- **YOUR GOAL**
In the records below, the lines between the one holding "1970-gsx-yellow-005" and the one holding "Read Hentai Image", inclusive, are to be transcribed exactly; no pictures are to be included.

- **TASK DATA**
⟨
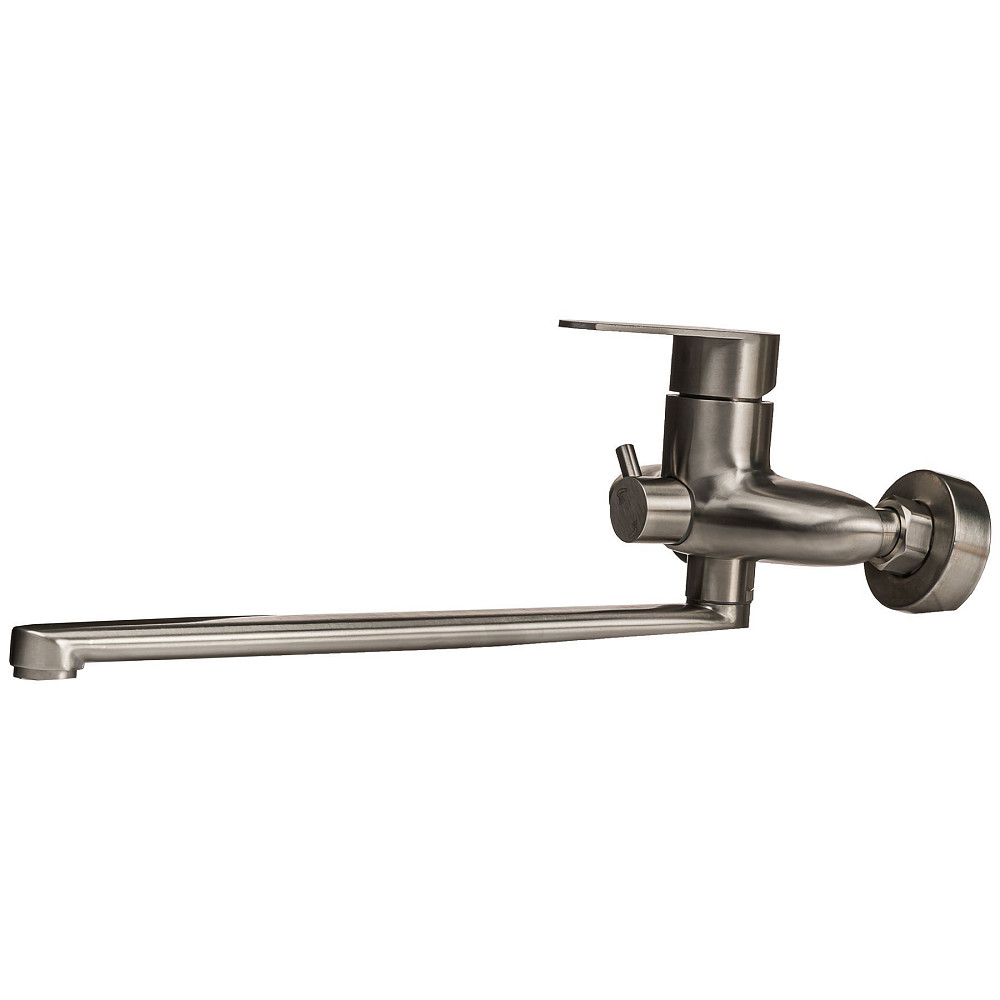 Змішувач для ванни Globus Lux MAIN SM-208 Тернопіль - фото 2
⟩
⟨
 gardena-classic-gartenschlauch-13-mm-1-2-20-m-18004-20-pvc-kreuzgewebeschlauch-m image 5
⟩
⟨
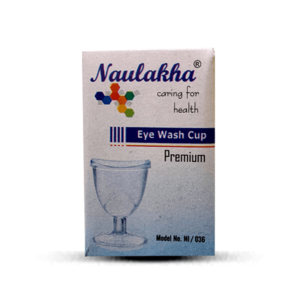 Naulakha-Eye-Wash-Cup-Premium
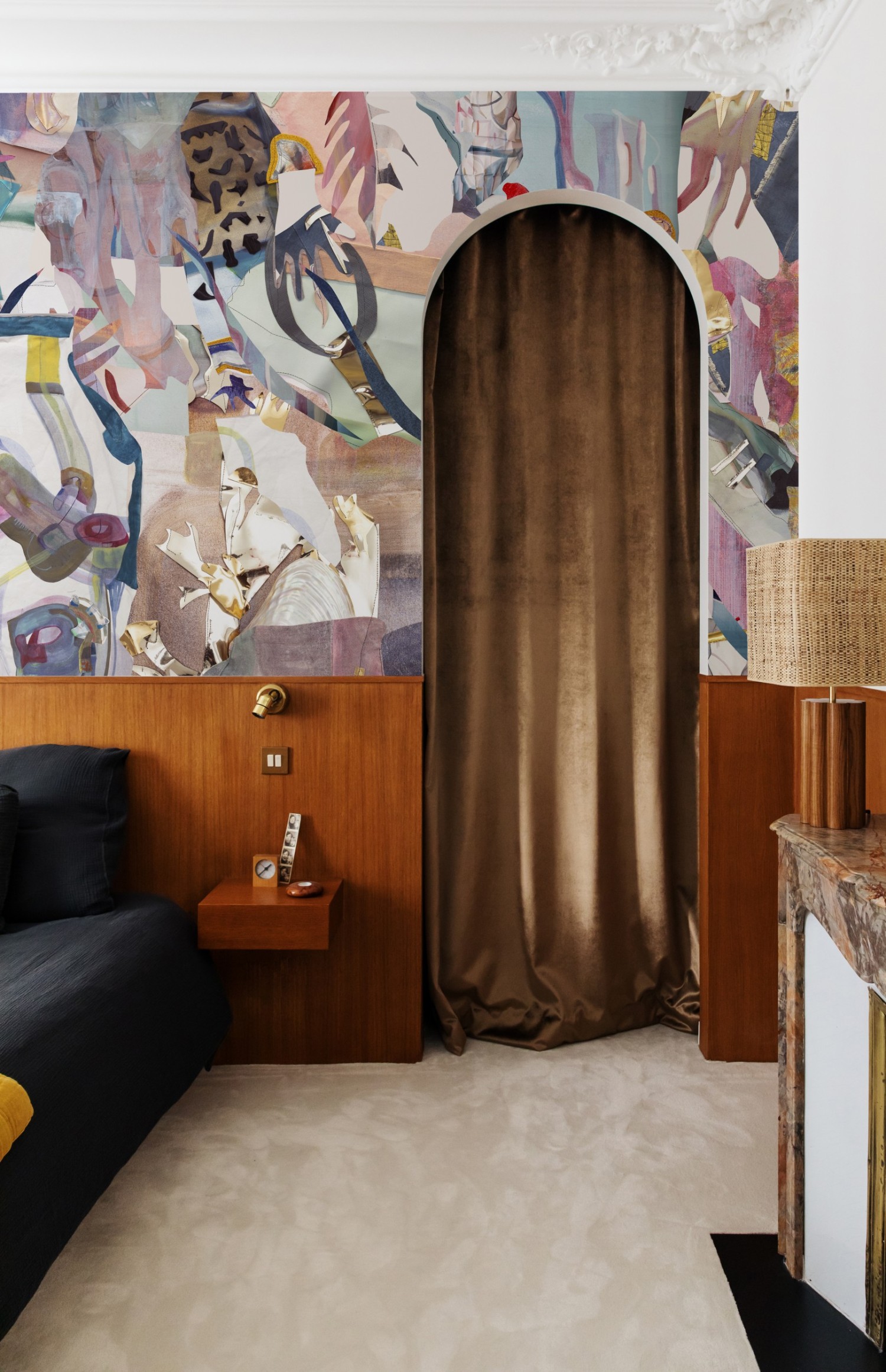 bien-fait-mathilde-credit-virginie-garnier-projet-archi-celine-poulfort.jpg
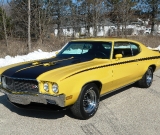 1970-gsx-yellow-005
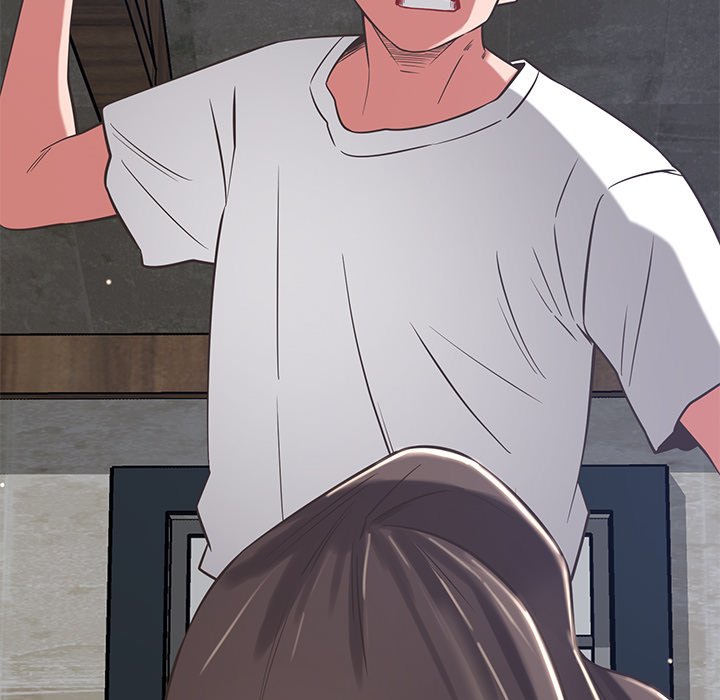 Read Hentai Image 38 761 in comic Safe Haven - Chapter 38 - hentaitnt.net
⟩
- **EXERCISE RESPONSE**
 1970-gsx-yellow-005
 Read Hentai Image 38 761 in comic Safe Haven - Chapter 38 - hentaitnt.net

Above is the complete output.